Astute investors may choose to manage some money in-house as opposed to outsourcing, for example, which could eventually be a challenge for boutique asset managers, he adds.
“It will become harder for asset managers with a narrower offering. They can’t just take products around and flog them,” he says. More niche managers won’t be able to “just start every marketing conversation with, ‘How can we help you?’ anymore”.
Many in the market, from consultants to investors, point out that the time of early-stage firms raising substantial assets in Asia without a decent track record or infrastructure are gone. Asset owners – and regulators – want to see fund managers demonstrating strong, institutional-quality operations.
This seems to be reflected by a greater risk awareness among asset owners and fund managers, both in Asia and globally, according to a new survey from State Street.
Almost eight in 10 Asia-Pacific respondents (76.5%) said their organisation had a very risk-aware culture today, compared with just 31% that made risk their highest priority in 2007. That compares with 78% and 30% globally.
“It’s hardly surprising that risk awareness among asset owners and asset managers has increased since 2007,” notes the report. “But the extent of this increase is startling.”
Of course, the sentiment may be there, but whether firms are following through to the same extent is another matter.
Interestingly, Asia is ahead in terms of rewarding compliance/risk professionals for meeting risk targets, according to the survey. Nearly two thirds (65%) have such rewards, compared with 54% in Europe and 51% in North America.
Another area where Asian entities seem to take a tighter approach is with regard to chief risk officer responsibilities. While around the same proportion of respondents in each region (69-70%) said their CRO sits on the executive board, 78.9% of Asian firms said he/she plays a significant role in formulating strategy and business planning, compared to 67.3% in North America and 65.3% in Europe.

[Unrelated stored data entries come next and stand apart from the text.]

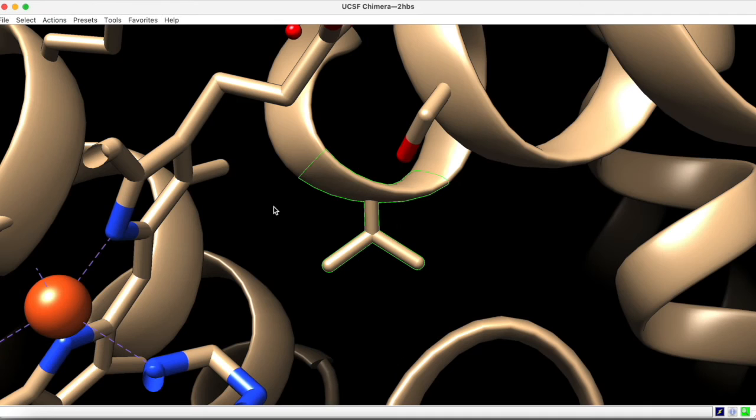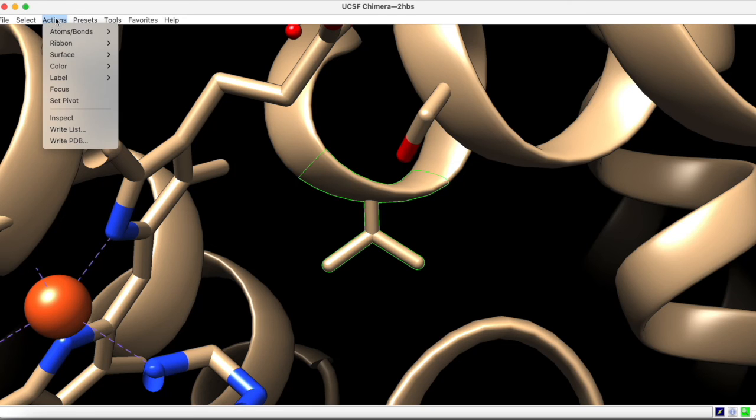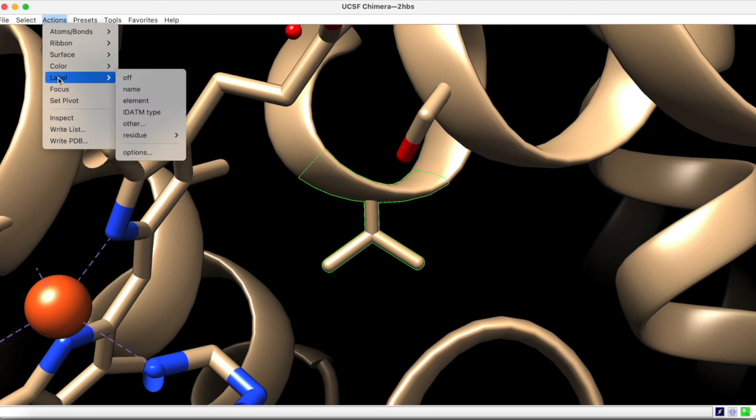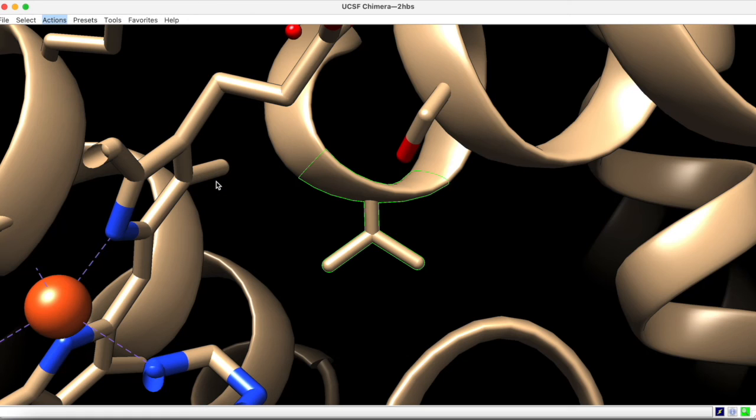Once you have obtained a clear view of the residue, you may want to label it. To do this, go to actions, label, residue, and choose name plus specifier.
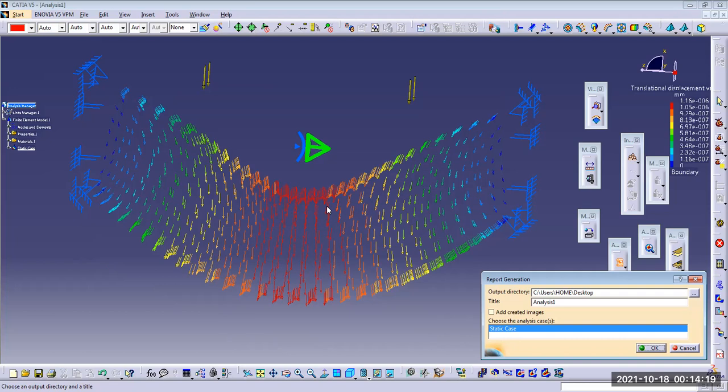Figure 1 is about structure computation. Everything is mentioned here — number of nodes, number of elements, number of deformation, and distance computation. For loads, the values along different axes are Fx, Fy, Fz, Mx, My, Mz. Stiffness computation, singularity computation, constraint computation, and factorized computation values are also provided.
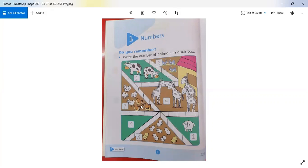How many are here? 1, 2, 3, 4, 5, 6, 7 — there are 7 here. And how many chicks are here? Let's count: 1, 2, 3, 4, 5, 6, 7, 8 — there are 8 chicks here. We will write 8 in this box.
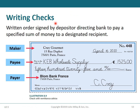Writing checks: a check is a written order signed by the maker directing the bank to pay a specified sum of money to a designated recipient. There are three parties: the maker (الساحب), the payee (المستفيد), and the payer (المسحوب عليه — the bank). The check includes the date, amount in numbers and letters, and the maker's signature.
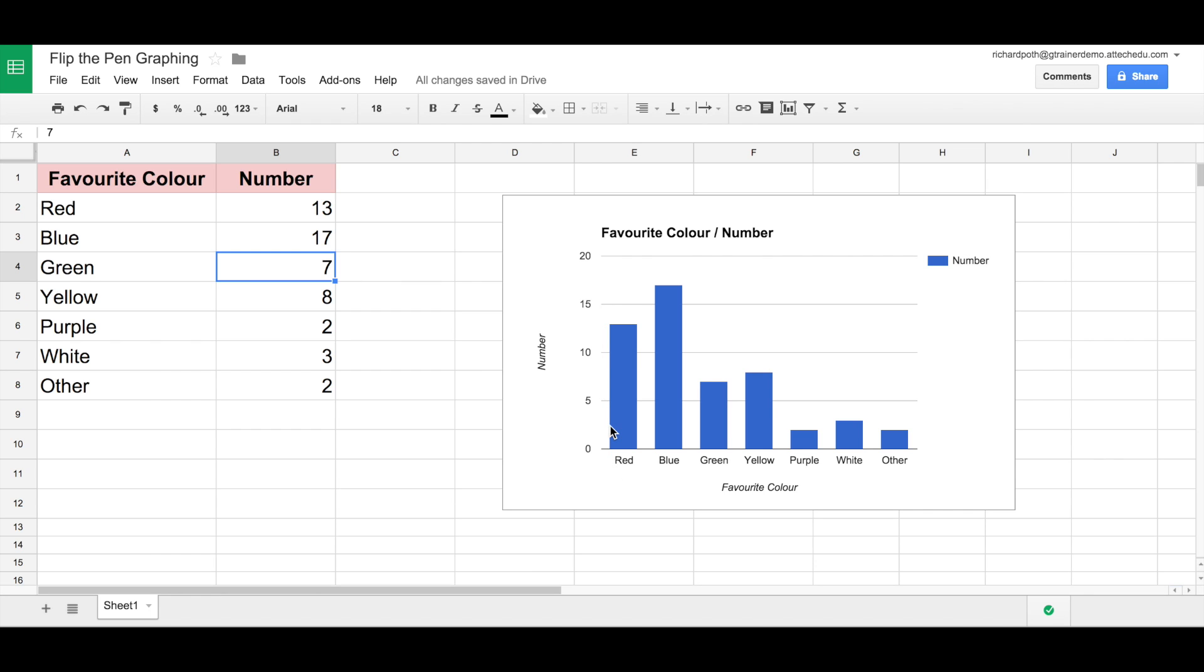So the children can experiment with this. Now when they have experimented and when they played with the graph, they can then go back to the original figures that they found and then transfer this graph accurately to graph paper so we can then display it on the wall. We have now flipped the pen in mathematics.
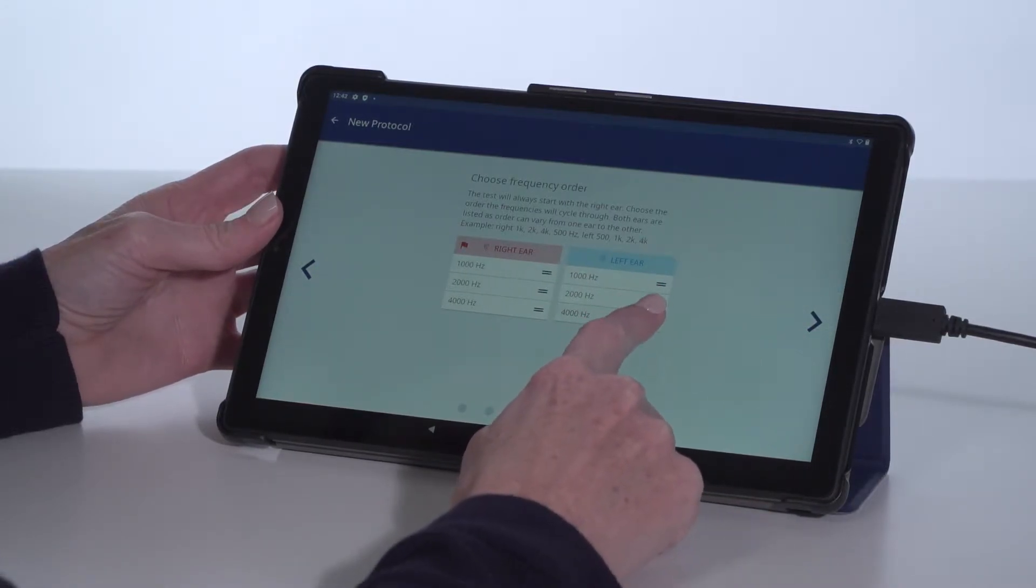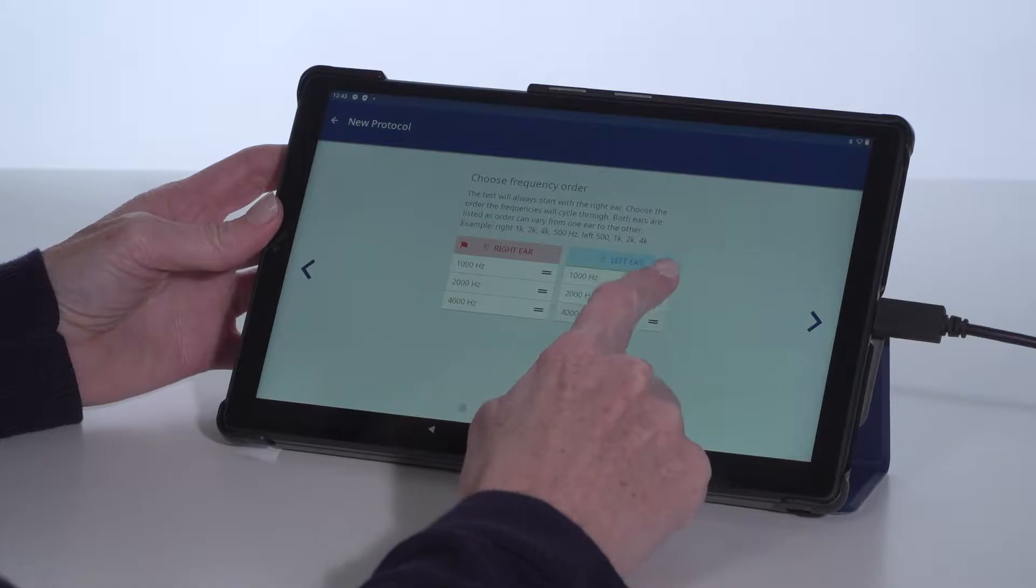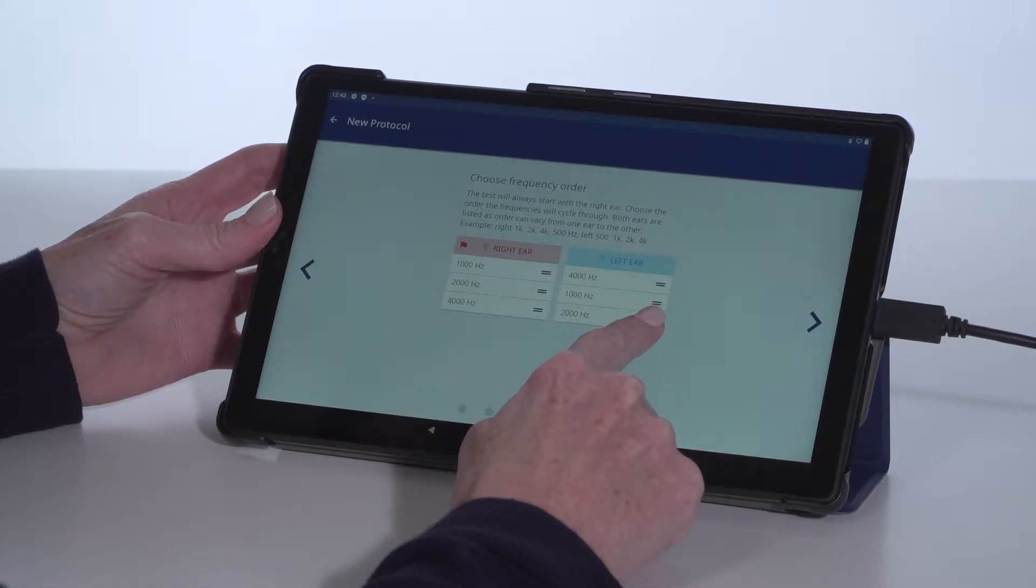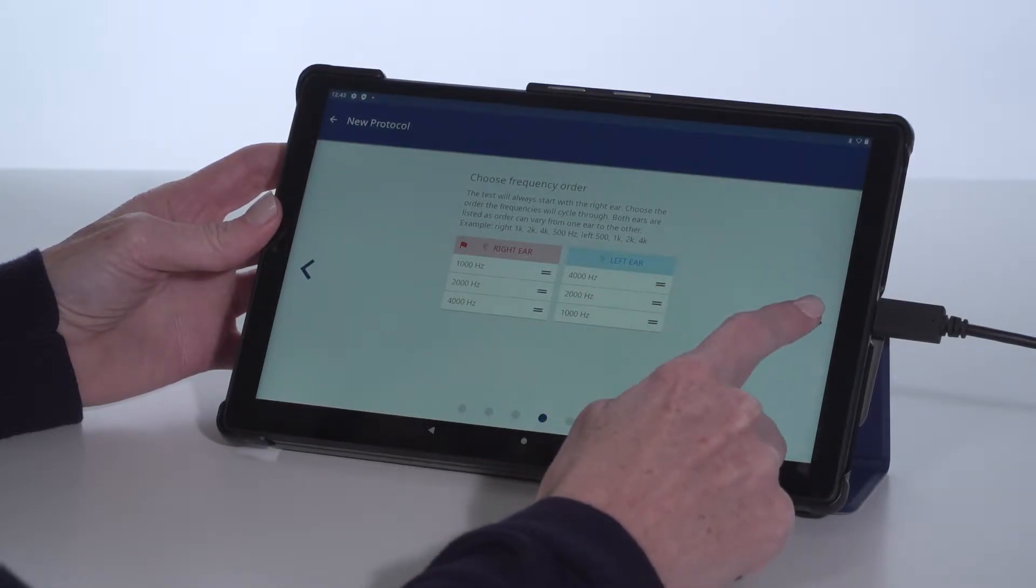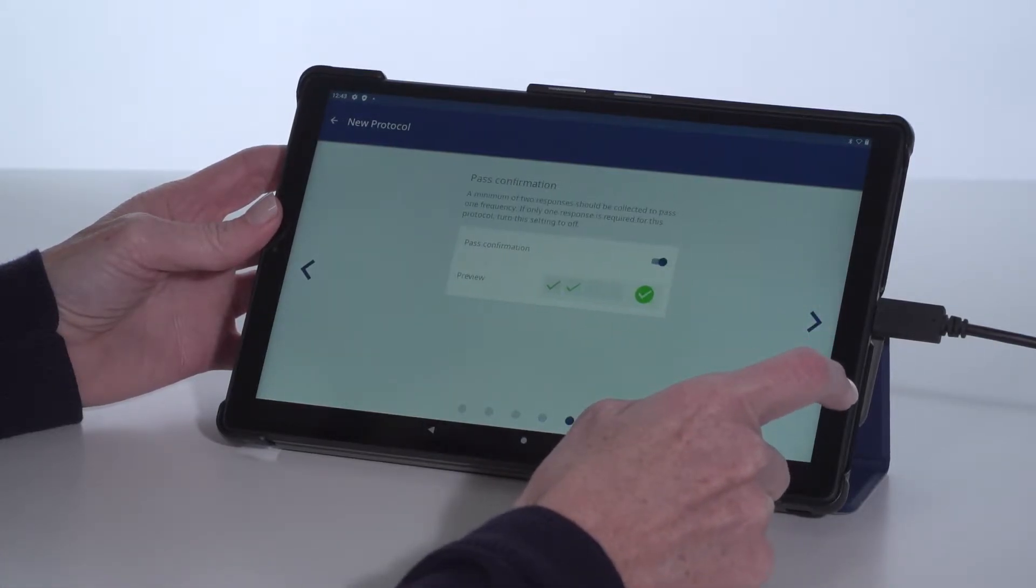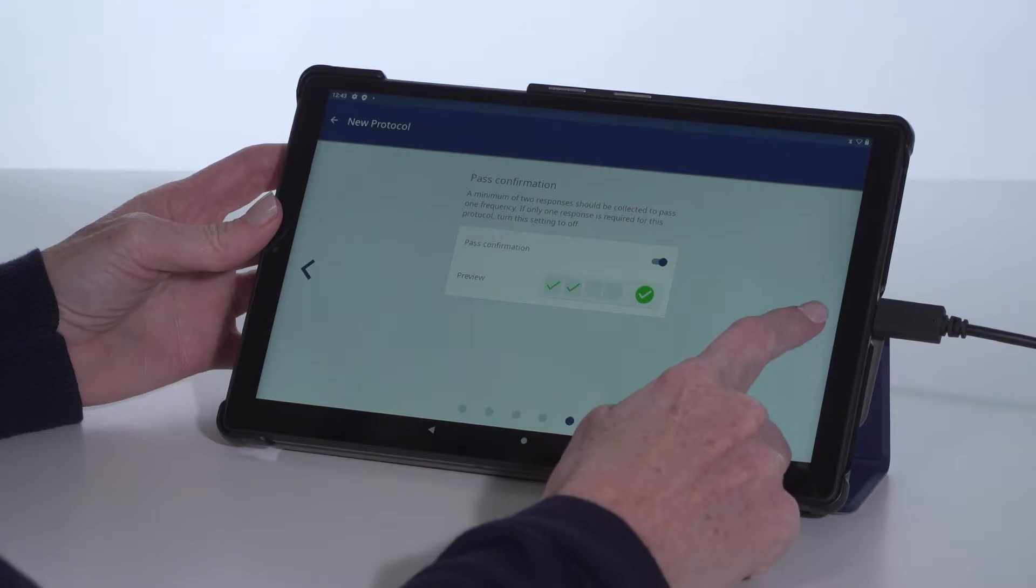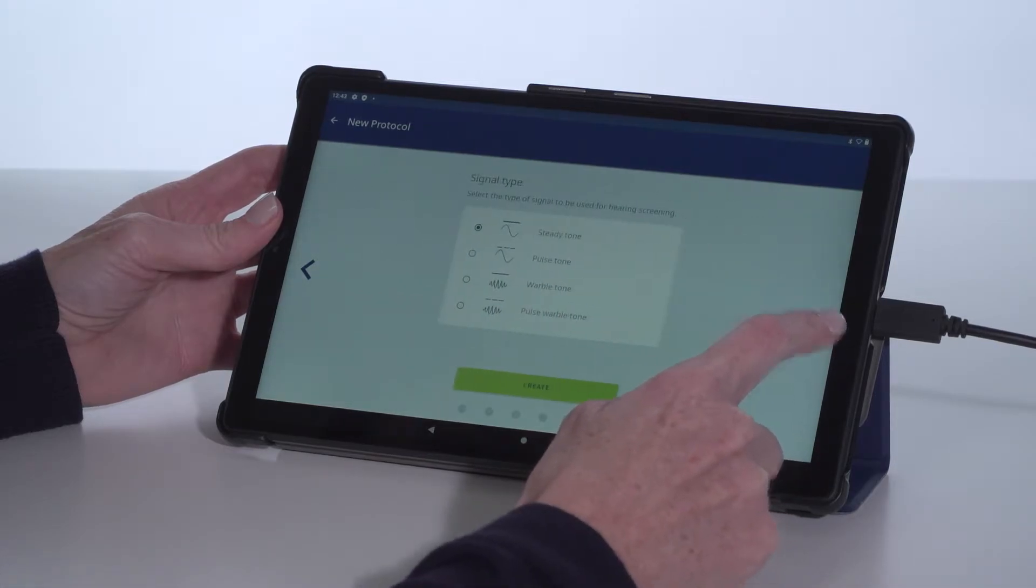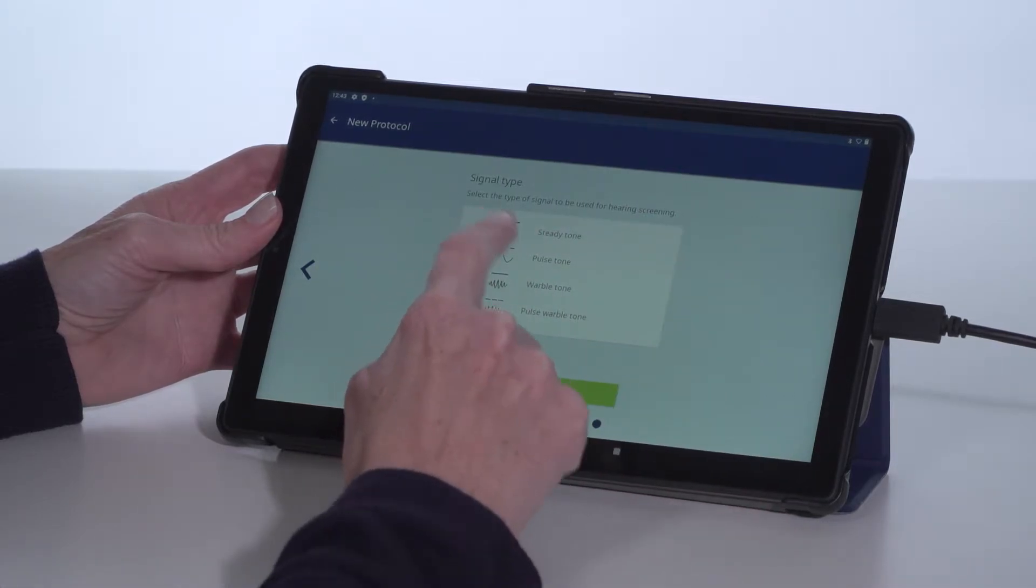Setting this up will lessen screening time and allow semi-automatic operation for the app to guide the screener and also provide location specific pass refer criteria.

However, respondents were significantly less confident about the quality of risk information in Asia-Pacific, with just 20% rating information they receive from internal sources on risk as “very good”. That compares to 36.4% for North America and 30.6% for Europe.
Some 39% of survey respondents were headquartered in Asia-Pacific, 33% from Europe and 19% from the US. They included nearly 300 executives from investment institutions, 48% being asset managers, 35% asset owners and 18% intermediaries.